Procès d'un tueur à gages mineur à Marseille : la veuve du chauffeur VTC témoigne de sa douleur
Marseille : procès d'un tueur à gages mineur, la veuve témoigne

Le procès d'un adolescent tueur à gages s'ouvre à Marseille

Ce mardi 10 février, le tribunal des enfants de Marseille ouvre une audience particulièrement symbolique. Un adolescent, aujourd'hui âgé de 15 ans, comparaît pour le meurtre d'un chauffeur VTC survenu en octobre 2024. À l'époque des faits, le mineur n'avait que 14 ans lorsqu'il a été recruté comme tueur à gages par un réseau de narcotrafic.

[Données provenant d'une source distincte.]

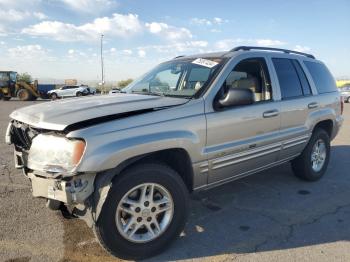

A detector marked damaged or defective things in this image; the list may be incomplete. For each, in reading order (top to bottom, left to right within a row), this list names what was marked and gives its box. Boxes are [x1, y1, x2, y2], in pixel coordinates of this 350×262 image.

broken headlight [27, 134, 85, 173]
damaged jeep grand cherokee [6, 46, 344, 258]
crumpled front bumper [27, 172, 95, 205]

Un drame familial aux conséquences dévastatrices

La victime, Nessim Ramdane, avait 36 ans et laissait derrière lui une famille dévastée. Sa veuve, Mélanie, élève désormais seule leurs trois enfants depuis le tragique événement du 4 octobre 2023. "La douleur est insupportable", confie-t-elle avec émotion. "Ma plus grande peur aujourd'hui concerne mes enfants, condamnés à avancer dans ce monde sans leur père."

Les circonstances du drame sont particulièrement glaçantes. L'adolescent, en route pour exécuter un contrat de meurtre commandité par le narcotrafic, avait pris place dans le véhicule de Nessim Ramdane. Après que le chauffeur ait refusé de s'arrêter à l'endroit demandé, le mineur l'a abattu d'une balle dans la nuque. La voiture, devenue incontrôlable, s'est ensuite encastrée dans une école maternelle.

Une violence incompréhensible pour la famille

Mélanie, la veuve, peine toujours à comprendre l'absurdité de cette tragédie. "Nous n'avons aucun lien avec le trafic de stupéfiants", insiste-t-elle. "La mort de Nessim n'a aucun sens." Cette affaire illustre de manière dramatique le phénomène inquiétant des mineurs recrutés comme tueurs à gages par la criminalité organisée marseillaise, souvent via des applications de messagerie comme Snapchat.

Un procès historique sous haute tension

Ce procès est le premier du genre en France concernant un mineur accusé d'"homicide volontaire en bande organisée" et d'"association de malfaiteurs". L'adolescent encourt jusqu'à 20 ans d'emprisonnement. L'audience se déroulera à huis clos, conformément à la procédure applicable aux mineurs.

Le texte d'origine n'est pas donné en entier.